--- Given entries Enclosed Below ---
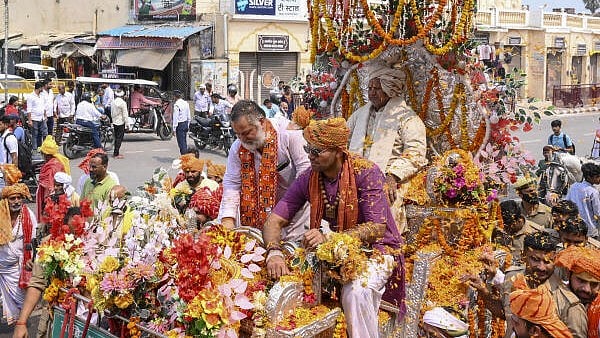 <div class="paragraphs"><p>Mahant Prem Das, the chief priest of Ayodhya’s Hanuman Garhi temple, takes part in a procession to visit Ram Mandir, in Ayodhya on Wednesday. </p></div>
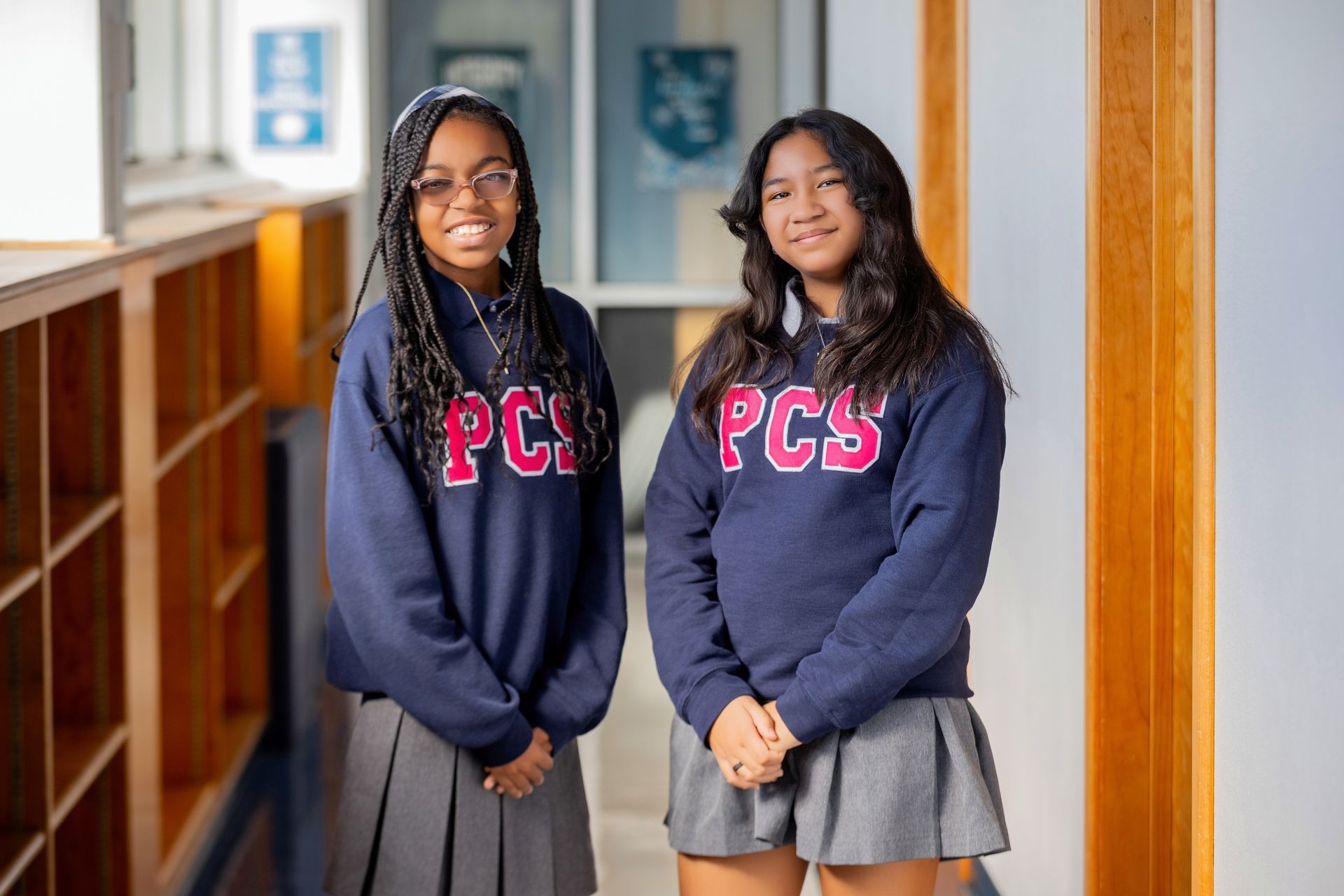 A group of girls are standing next to each other in front of a sign that says sisterhood.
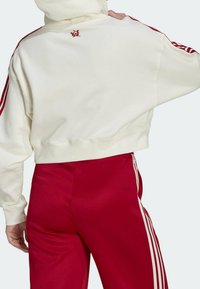 Krátká krémová mikina s kapucí a červeným logem na zádech, kombinovaná s červenými sportovními kalhotami s třemi bílými pruhy po stranách.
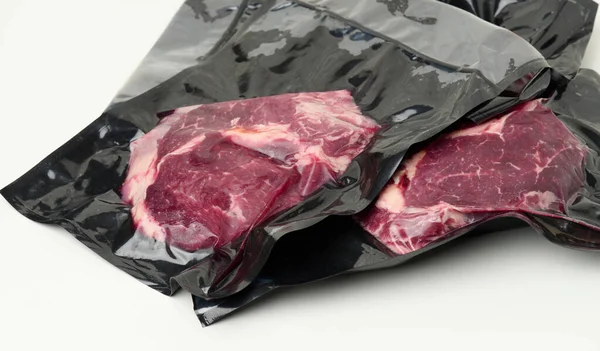 piece of fresh beef meat packed in a vacuum plastic bag, top view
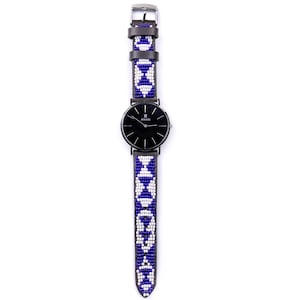 May include: A black watch with a white and blue beaded band. The watch face is black with white hands and a white logo that says "JAAK" in the centre.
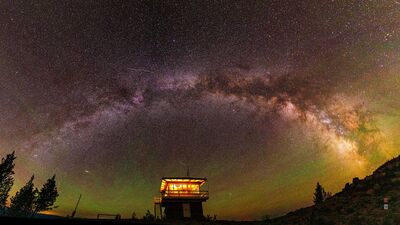 Photo by Mark Moak of Spot Mountain Lookout under the Milky Way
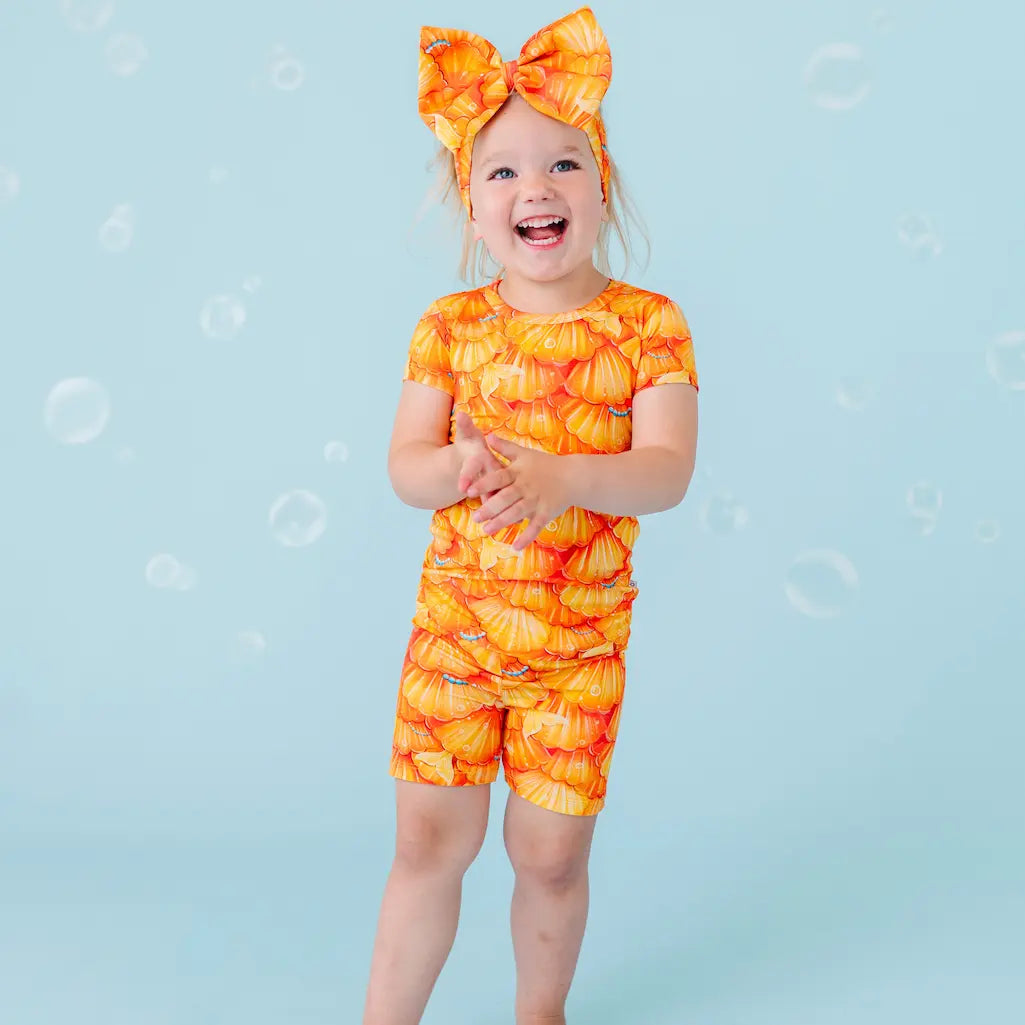 Child in orange swimsuit with pumpkins on a blue background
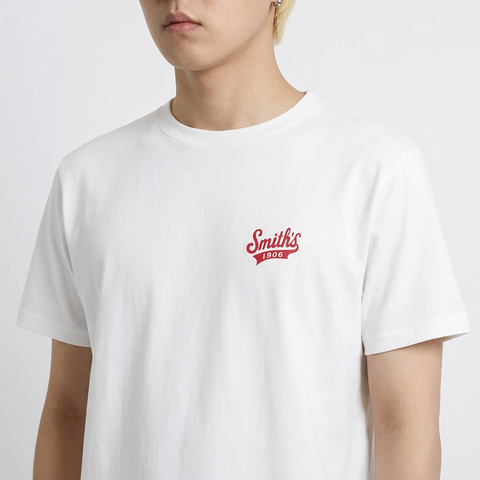 A close-up view of a male model wearing the Smith's 1906 MTE01 White T-Shirt.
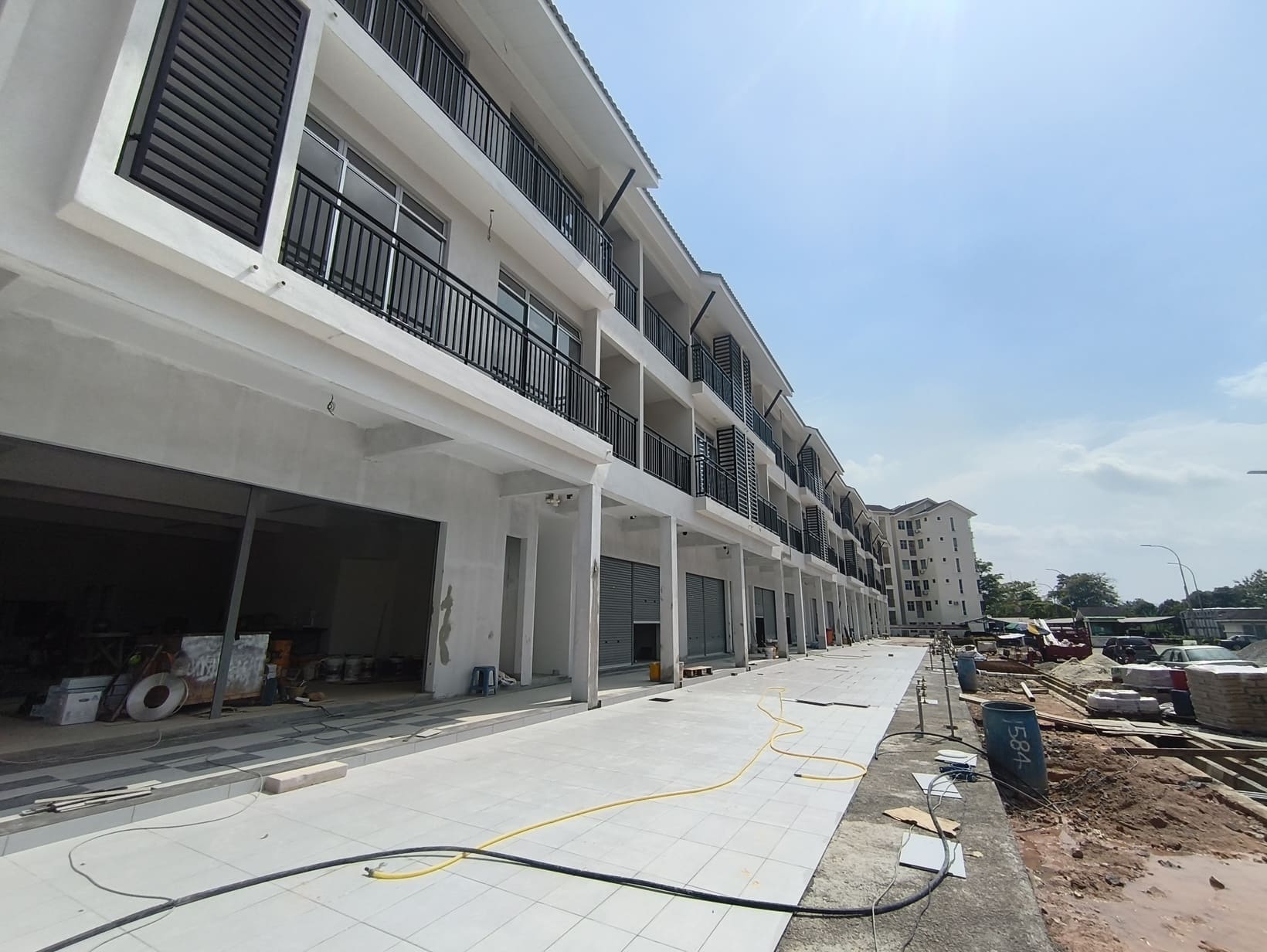 Three-story white building with yellow accents and balconies behind a construction fence on a cloudy day.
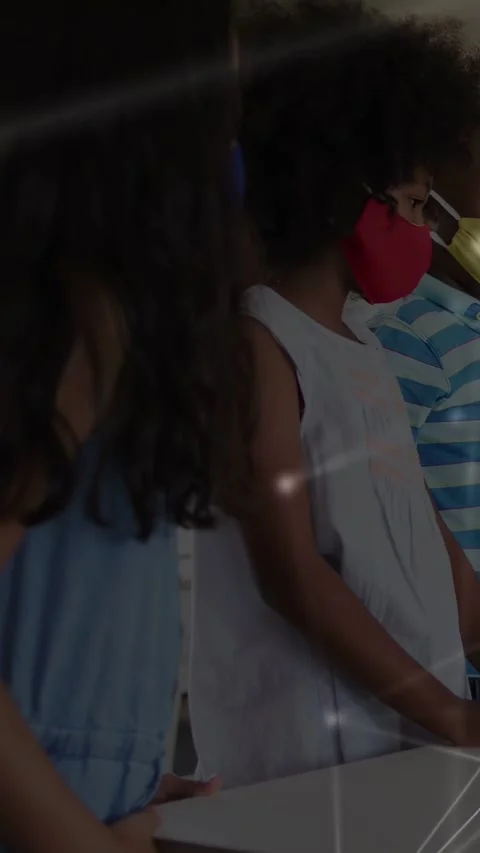 Vertical video: Curly student standing at table as node map drifting across Stock Footage 333174978
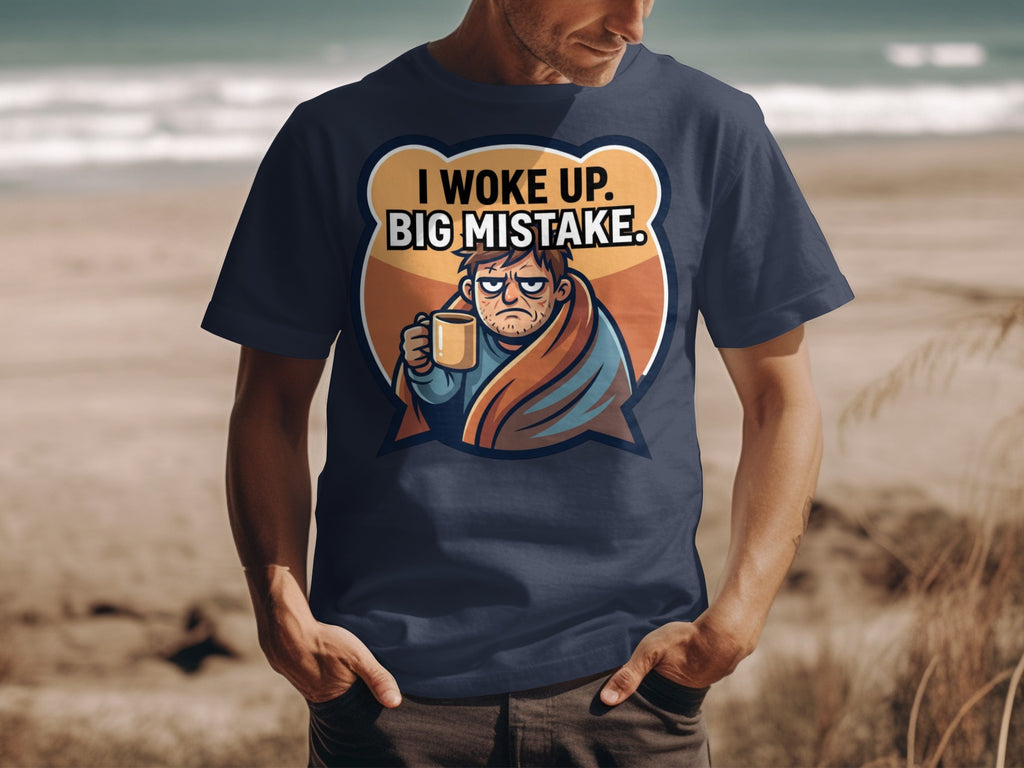 Dark t-shirt with cartoon graphic of man wrapped in blanket holding coffee cup with text: I WOKE UP. BIG MISTAKE.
--- End of Enclosed Given entries ---
**Problem requirements:** Copy out the data above exactly, except the pictures.

**Output:**
 <div class="paragraphs"><p>Mahant Prem Das, the chief priest of Ayodhya’s Hanuman Garhi temple, takes part in a procession to visit Ram Mandir, in Ayodhya on Wednesday. </p></div>
 A group of girls are standing next to each other in front of a sign that says sisterhood.
 Krátká krémová mikina s kapucí a červeným logem na zádech, kombinovaná s červenými sportovními kalhotami s třemi bílými pruhy po stranách.
 piece of fresh beef meat packed in a vacuum plastic bag, top view
 May include: A black watch with a white and blue beaded band. The watch face is black with white hands and a white logo that says "JAAK" in the centre.
 Photo by Mark Moak of Spot Mountain Lookout under the Milky Way
 Child in orange swimsuit with pumpkins on a blue background
 A close-up view of a male model wearing the Smith's 1906 MTE01 White T-Shirt.
 Three-story white building with yellow accents and balconies behind a construction fence on a cloudy day.
 Vertical video: Curly student standing at table as node map drifting across Stock Footage 333174978
 Dark t-shirt with cartoon graphic of man wrapped in blanket holding coffee cup with text: I WOKE UP. BIG MISTAKE.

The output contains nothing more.